I've done a lot of reflection on teaching lately. Partly because of the Delta, partly because of my own experience and reflexive practice. I find that we don't spend enough time thinking about our lessons. Oh, please don't get me wrong. We spend plenty of time looking at the books, wondering where to go next, what's the language our students need the most. We think about (and hopefully do a lot of ) planning. We assess materials constantly whenever we look at an exercise and say "This is good, this is nonsense, this will work, this isn't challenging enough" and so on and so forth. So, no, it's not thinking about what we''re going to do that I'd like to bring your attention to. It's the "and what now?" bit.
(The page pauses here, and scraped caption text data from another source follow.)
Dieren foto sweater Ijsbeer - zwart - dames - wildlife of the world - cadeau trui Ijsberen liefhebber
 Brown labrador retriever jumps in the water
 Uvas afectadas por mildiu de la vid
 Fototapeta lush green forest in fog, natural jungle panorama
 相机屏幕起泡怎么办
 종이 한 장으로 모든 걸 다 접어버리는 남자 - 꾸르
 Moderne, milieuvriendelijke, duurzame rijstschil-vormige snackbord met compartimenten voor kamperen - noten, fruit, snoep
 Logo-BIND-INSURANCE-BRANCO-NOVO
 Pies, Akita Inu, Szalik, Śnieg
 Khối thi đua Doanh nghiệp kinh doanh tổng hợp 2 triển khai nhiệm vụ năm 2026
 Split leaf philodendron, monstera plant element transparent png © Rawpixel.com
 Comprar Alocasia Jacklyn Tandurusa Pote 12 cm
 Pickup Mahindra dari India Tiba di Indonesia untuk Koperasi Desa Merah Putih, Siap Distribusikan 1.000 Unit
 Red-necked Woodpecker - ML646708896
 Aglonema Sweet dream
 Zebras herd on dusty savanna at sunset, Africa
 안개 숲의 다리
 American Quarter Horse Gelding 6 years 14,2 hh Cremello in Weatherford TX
Teachers going through initial training are encouraged to think about their teaching practice (TP). They're asked what went well and what went wrong and they feel these are tricky questions. The feeling is they're being examined and are supposed to give the right answer. It is my opinion that it is at this stage that we (teachers) begin to hate observations. They're never productive, their aim is purely to assess quality as if watching a lesson in a blue moon will ever (yes, ever) be a significant sample to understand how a teacher works. I've been observed so often that I don't get nervous (not the sort "I'm about to throw up" kind of nervous, anyway) but looking back, there have been very few times when I've come out of a post-observation meeting feeling "Yes, that was really worth it."
Let me go off my track here and let you know I was observed for 2.5 years in a row, every single lesson, every day. In fact, I took over from a teacher who quit because she did not want to be observed. It took me about 5 minutes to understand what the purpose of this system was, and honestly I couldn't understand how people did not want this! Sounds mad? Well, by now you've noticed I'm a different sort of teacher, so this shouldn't come as a surprise. We are talking about special groups, those groups of students who I find fascinating, but cannot be handled by any teacher (despite the amount of people who "think" they know anything about challenging students...). The school was trying to reduce the percentage of students who dropped out, as well as improve students' motivation and results. The problem here was that there were a lot of teachers settled in their ways (like in any place). You see, it's not enough to talk about "change" and "flexibility", besides talking the talk, they actually have to be willing to walk the walk. So this is how it worked. Each class had a social worker who would have lessons with the kids. She'd be in every class, with every teacher. (Teacher fear no 1 - I'm being compared to other teachers) She's sit with students, listen to the same explanations, be subject to the same methodologies, solve the same exercises, she'd even sit for the same tests. (cool, right?) And after each lesson the teacher (if they'd be willing) would get feedback "You know, it wasn't really clear when you said this or that" or "X and Y are finally starting to keep up" or "have you got some extra exercises I can use to work with X" And it taught me a lot. It taught me a lot, it really did. It was a true opportunity to improve, to grow as a teacher. You see, we were all there for a common goal: we wanted kids to do well, to learn, to overcome their difficulties, to finish high school. You cannot do this if your Ego is so large it fills up a room and there's no space for your students. You cannot do this if you feel the person observing your lesson is there mainly to criticise you, to show you where you're not good at.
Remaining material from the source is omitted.